▶ **YOUR INSTRUCTIONS**:
Set down every entry again word for word, please, but skip the pictures.

▶ **RECORDS SHOWN**:

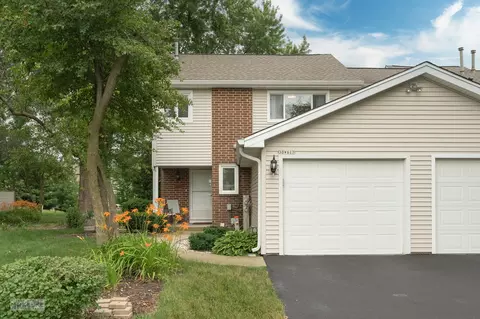 30 W617 Fairway Dr, Naperville, IL 60563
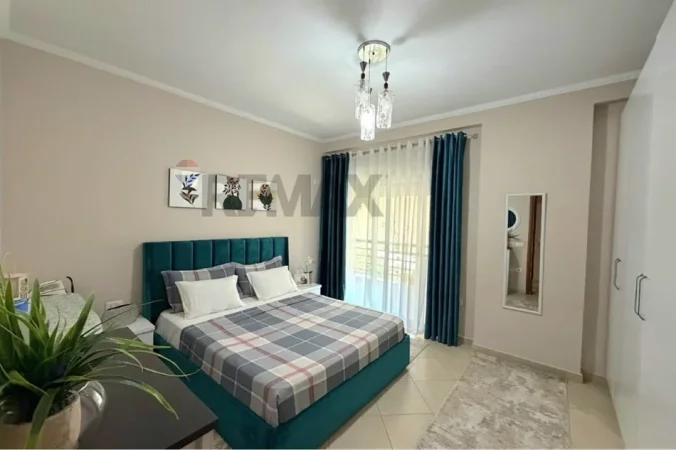 Tirane, shes apartament 2+1+Ballkon Kati 2, 100 m² 133.000 € (Univers sity)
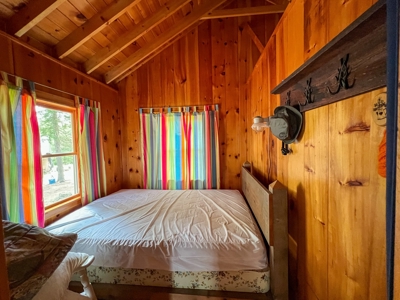 Maine Lakeside Retreat - image 27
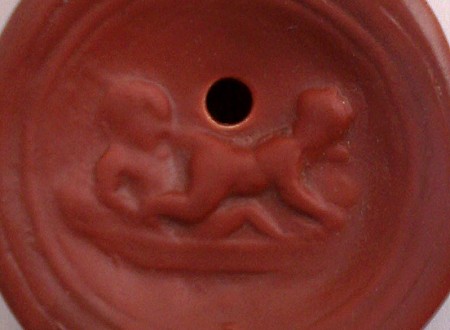 Erotische Szene, eine Reproduktion einer römischen Öllampe aus Ton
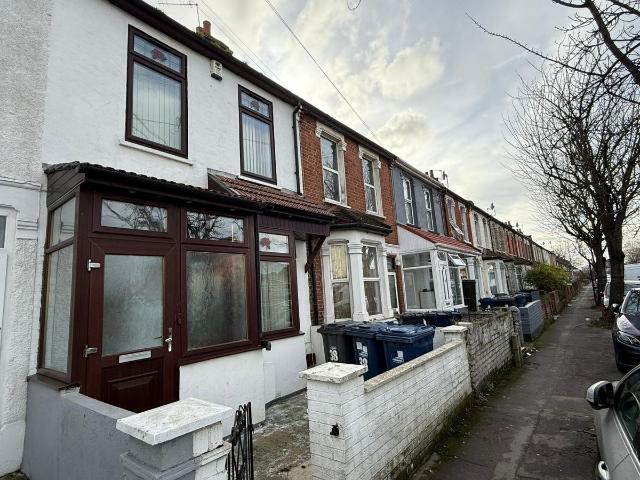 House for rent in London Borough of Ealing, Greater London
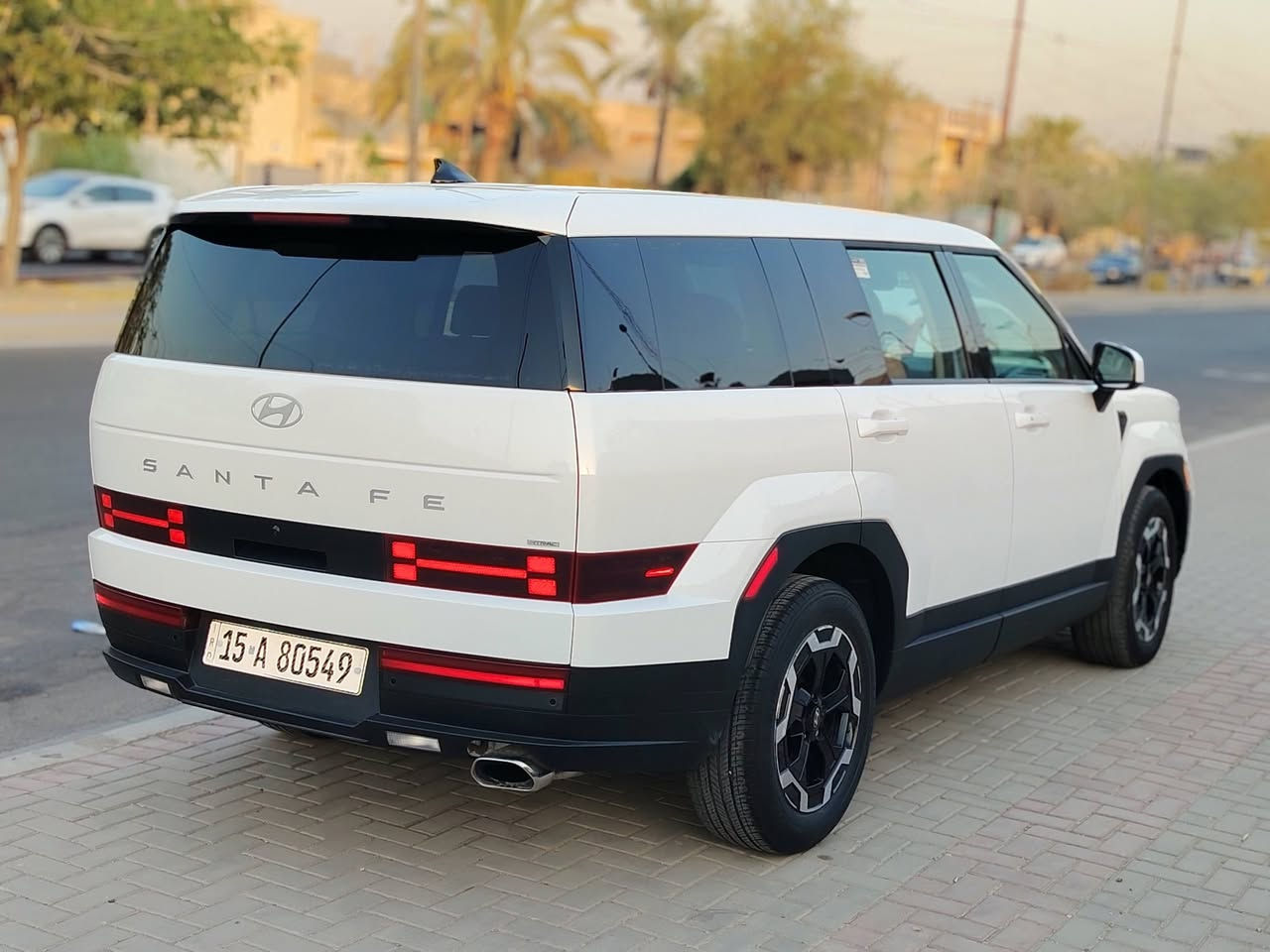 السلام عليكم سنتافي وارد أمريكي موديل 2024 شكل الجديد الون أبيض مواصفات السياره نص فول شاشه متصله ايباد جلد بصمه رادارات أمامي جانبي خلفي سبعه راكب صندوق كهرباء ويل كب 18بلادي فول تحكم  استيرن حادث السياره بسيط بدون ايرباك فقط جاملغات اثنين امامي مبدله نفس اللون الغود شواصي مكفول  صور الحادث مرفوقه بل منشور السياره جاهزه من كلشي دخول جديد السياره بوضع الشركه نظافة السياره 100/100 السياره مرقمه انبار كتاب شهداء وكالة مضمونه السعر 200 وبيه مجال العنوان بغداد حي الجهاد رقم *********** ابو مصطفى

▶ **EXPECTED OUTPUT**:
 30 W617 Fairway Dr, Naperville, IL 60563
 Tirane, shes apartament 2+1+Ballkon Kati 2, 100 m² 133.000 € (Univers sity)
 Maine Lakeside Retreat - image 27
 Erotische Szene, eine Reproduktion einer römischen Öllampe aus Ton
 House for rent in London Borough of Ealing, Greater London
 السلام عليكم سنتافي وارد أمريكي موديل 2024 شكل الجديد الون أبيض مواصفات السياره نص فول شاشه متصله ايباد جلد بصمه رادارات أمامي جانبي خلفي سبعه راكب صندوق كهرباء ويل كب 18بلادي فول تحكم  استيرن حادث السياره بسيط بدون ايرباك فقط جاملغات اثنين امامي مبدله نفس اللون الغود شواصي مكفول  صور الحادث مرفوقه بل منشور السياره جاهزه من كلشي دخول جديد السياره بوضع الشركه نظافة السياره 100/100 السياره مرقمه انبار كتاب شهداء وكالة مضمونه السعر 200 وبيه مجال العنوان بغداد حي الجهاد رقم *********** ابو مصطفى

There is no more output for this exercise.